Canada's Anglicans delay action on blessing rituals till 2007 but might affirm gay relationships

Anglican Church of Canada delegates voted Wednesday night to delay action for three years on whether to authorize dioceses to provide blessing ceremonies for same-sex couples.

But in a surprise move, liberal delegates asked the church to "affirm the integrity and sanctity of committed adult same sex relationships" whether or not formal blessing rituals occur.

Action on that measure was delayed until Thursday. But voting on the procedural motion indicated that it could pass, a result that will possibly spark a controversy.

World Anglicanism is already severely split over homosexuality, particularly the consecration of an openly gay bishop by the Episcopal Church in the United States.

Whatever the meeting decides, it seemed unlikely to prevent future blessing rituals in the New Westminster (Vancouver area) diocese, which went ahead on its own two years ago. But the decision might prevent other dioceses from doing the same.

The delay on formal blessing rituals was designed to defuse tension, at least temporarily. The proposal originally put on the floor would have allowed a "local option," under which each diocese would have been authorized to decide whether to provide rituals.

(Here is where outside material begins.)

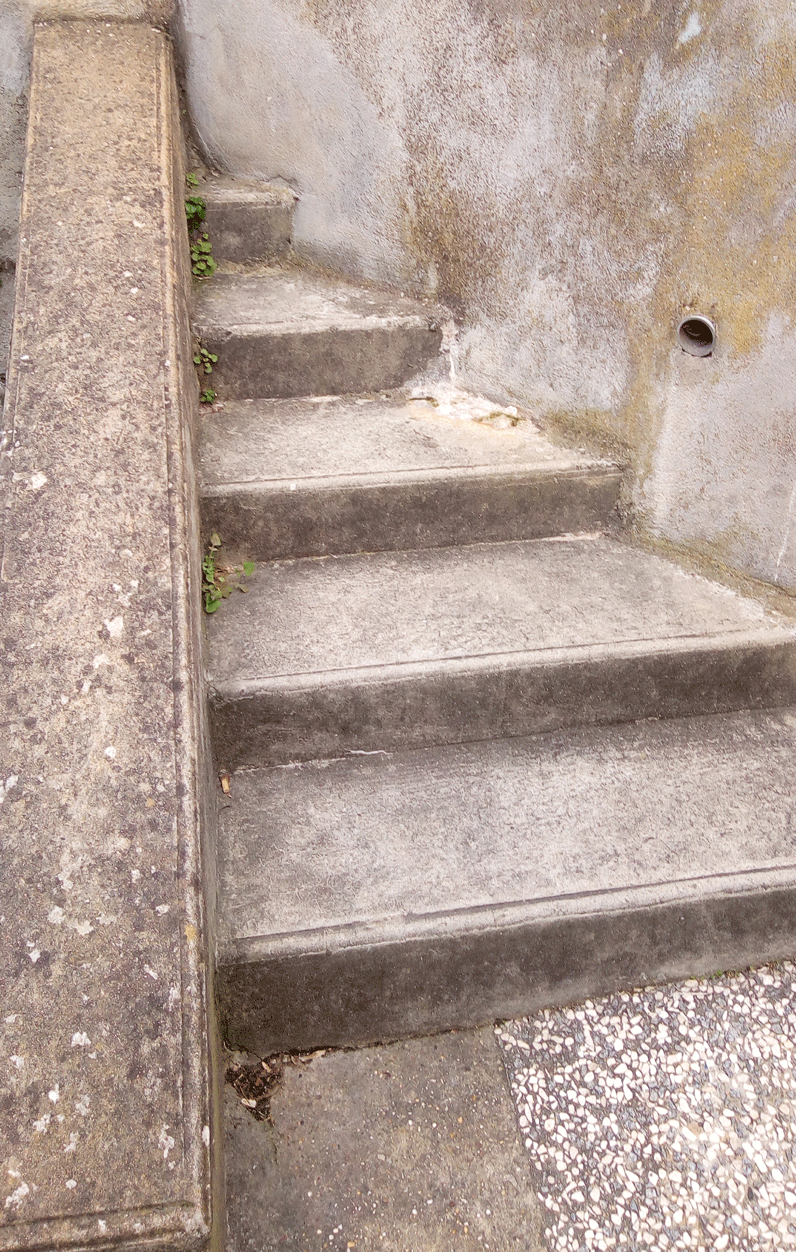Un petit escalier menant à un mur.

Hours before the debate began, the authors of the local option proposal withdrew it in favor of a substitute that was approved. It calls for a two-year study of whether same-sex rituals are "a matter of doctrine" and delay of decision until the next national legislative meeting in 2007.

That motion was approved by 142 to 118 among clergy and lay delegates, and 22 to 12 among bishops.

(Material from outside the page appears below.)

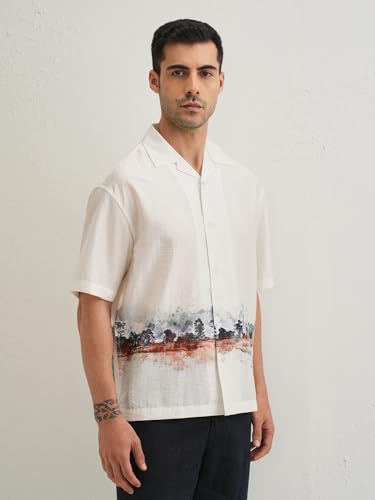 Image of Pinkmint Men Printed Cotton Flex Shirt | Stylish Designer | Regular Fit Floral & Abstract Print Shirt for Men (Available in Plus Size)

During debate, delegates had expressed concern about the impact that a green light for local blessing ceremonies would have on the Canadian church -- and internationally in the 77 million-member Anglican Communion of which it's a part.

If the 2007 meeting decides the same-sex blessing issue is a matter of doctrine, or central church teaching, but still wants to allow such unions, that would require amendment of church law at two consecutive meetings -- further delaying any approval until at least 2010.

The original motion, and the rewrite calling for delay, were both the work of Robert Falby, lay lawyer for the Toronto Diocese, and Bishop Fred Hiltz of Halifax, Nova Scotia.

"The unity of the church requires deferral," Falby told delegates.

But his own bishop, Terence Finlay, then protested that any delay would cast gay and lesbian parishioners "in a wilderness of secrecy and hypocrisy. I can't ask them to wait any longer."

Earlier in the day, Montreal's liberal Archbishop Andrew Hutchison, who will be installed as new national leader of the denomination Friday, signaled his support for delay during a surprise visit to a rally by Anglican Essentials, a coalition of those opposing church approval for same-sex behavior.

"It's going to need time yet before the mind of the church and the mind of Christ become evident," Hutchison told the conservatives. Reaching out to church members to his right, Hutchison also said that as leader, or primate, his responsibility is to "hold together this family."

Anglican Essentials had commissioned a lawyers' report contending that because same-sex marriage involves doctrine, the local option plan violated church law.

The conservative runner-up to Hutchison in Monday's primate election, Bishop Ronald Ferris of Sault Ste. Marie, Ontario, said delegates were "backing away from the brink" on blessing rituals.

The local option idea had been endorsed by a council of national church leaders for submission here.

Ferris and other conservatives said the Canadians' caution was influenced by the nasty split on the gay issue in the U.S. Episcopal Church.

Another factor, they said, was a warning last weekend from the London-based secretary of a special commission seeking a way to hold world Anglicanism together despite the split over gay-related issues. Canon Gregory Cameron told delegates a go-ahead here would make the commission's work "horribly complicated."

"The implications of your decision for the unity of the Anglican Communion, perhaps even its very survival in its current form, are just about as serious as it could get," Cameron said.

Bishop William Anderson of Prince Rupert, British Columbia, said another reason to wait was that the nation's bishops have been unable to agree on a "safety net" plan for visiting bishops to lead parishes that would disagree with liberal dioceses' policy.